*Work item*.
Copy out exactly, from the entries that follow, the line holding "Garden plots in", the line holding "Erik neugieriger Bursche sucht Familie", and all lines between them, but no pictures.

*Records provided*.
========================

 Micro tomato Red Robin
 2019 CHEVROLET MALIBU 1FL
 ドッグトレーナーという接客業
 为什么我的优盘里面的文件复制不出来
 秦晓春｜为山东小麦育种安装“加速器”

========================

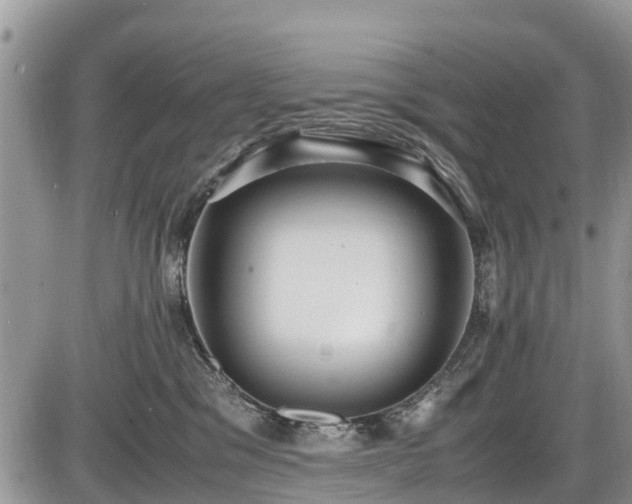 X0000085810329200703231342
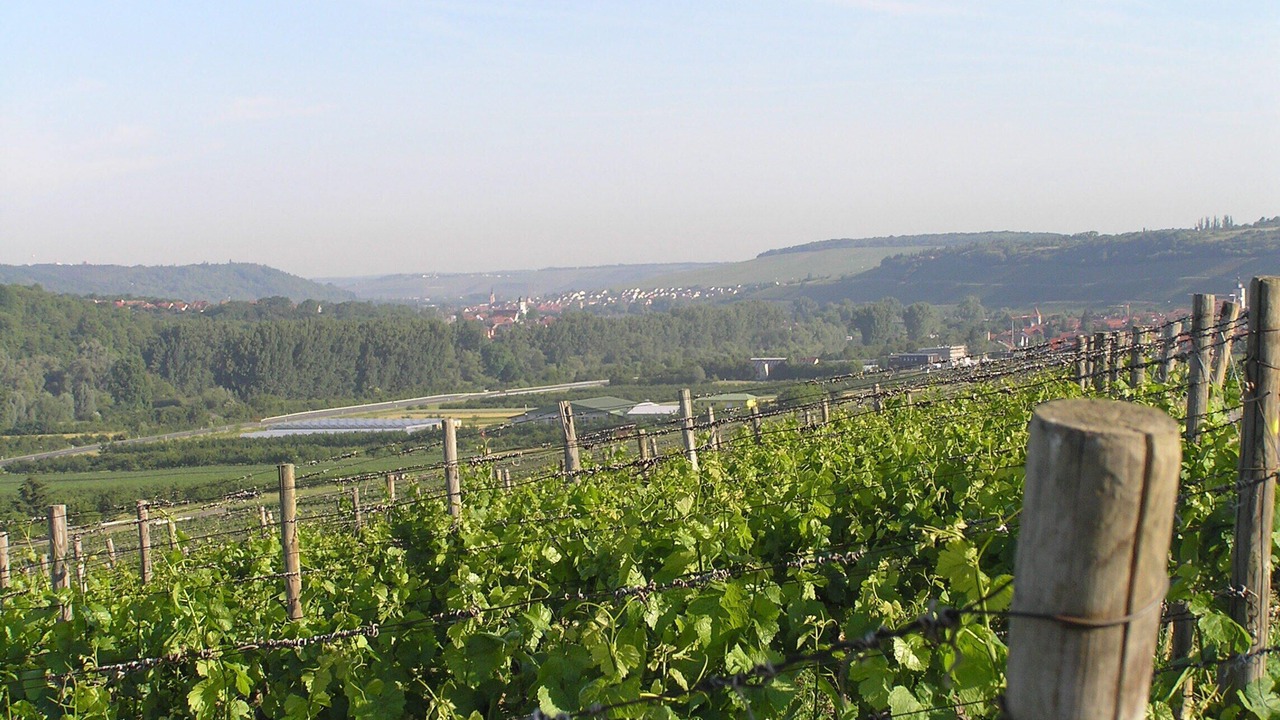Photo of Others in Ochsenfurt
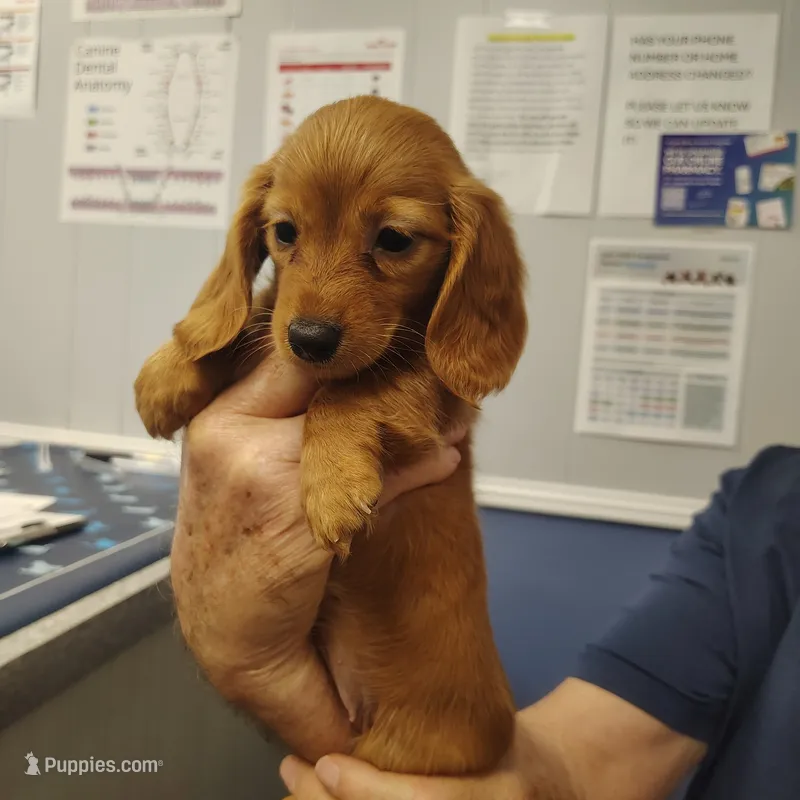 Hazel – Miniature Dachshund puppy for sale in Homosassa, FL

========================

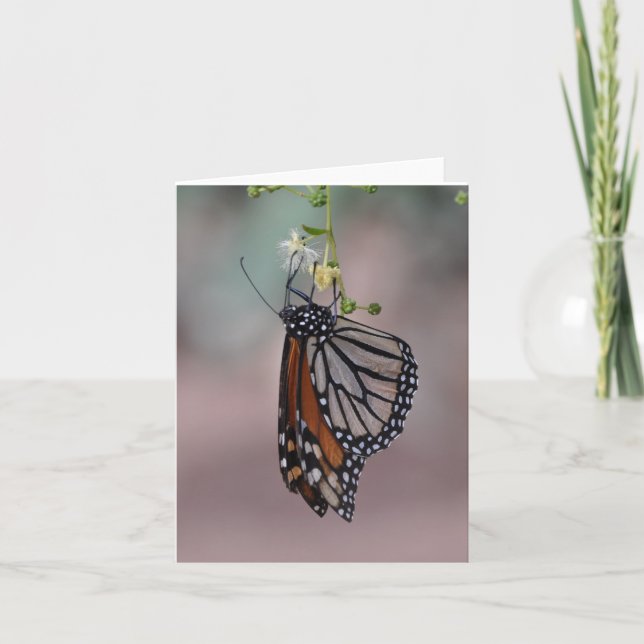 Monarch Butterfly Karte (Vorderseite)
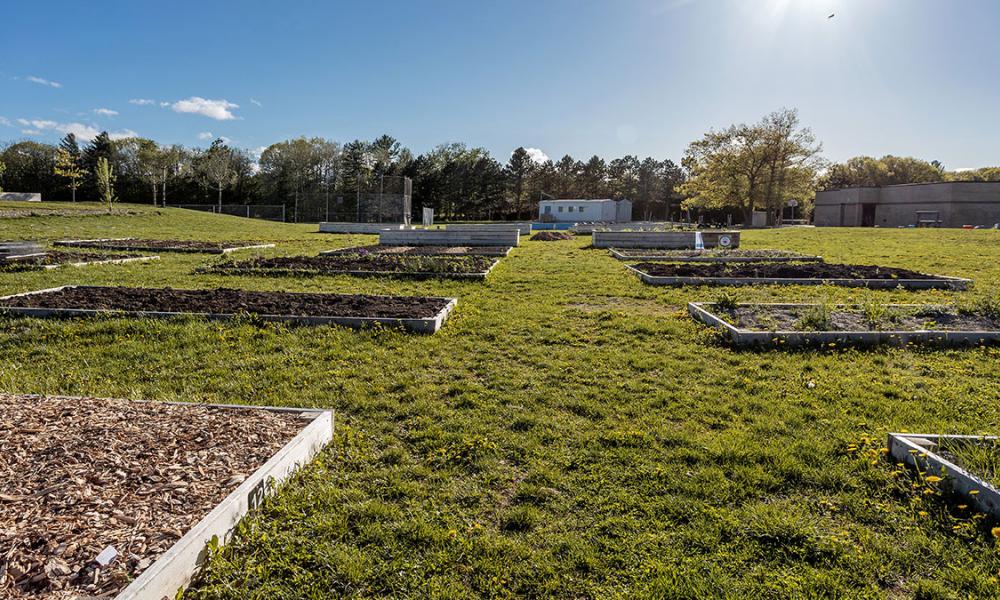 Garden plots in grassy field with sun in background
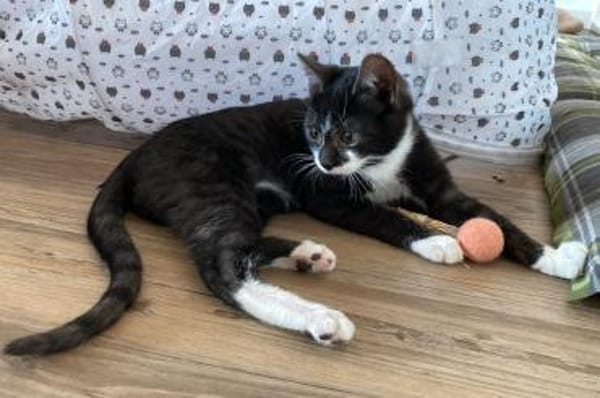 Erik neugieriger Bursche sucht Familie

========================

*Exercise solution*.
 Garden plots in grassy field with sun in background
 Erik neugieriger Bursche sucht Familie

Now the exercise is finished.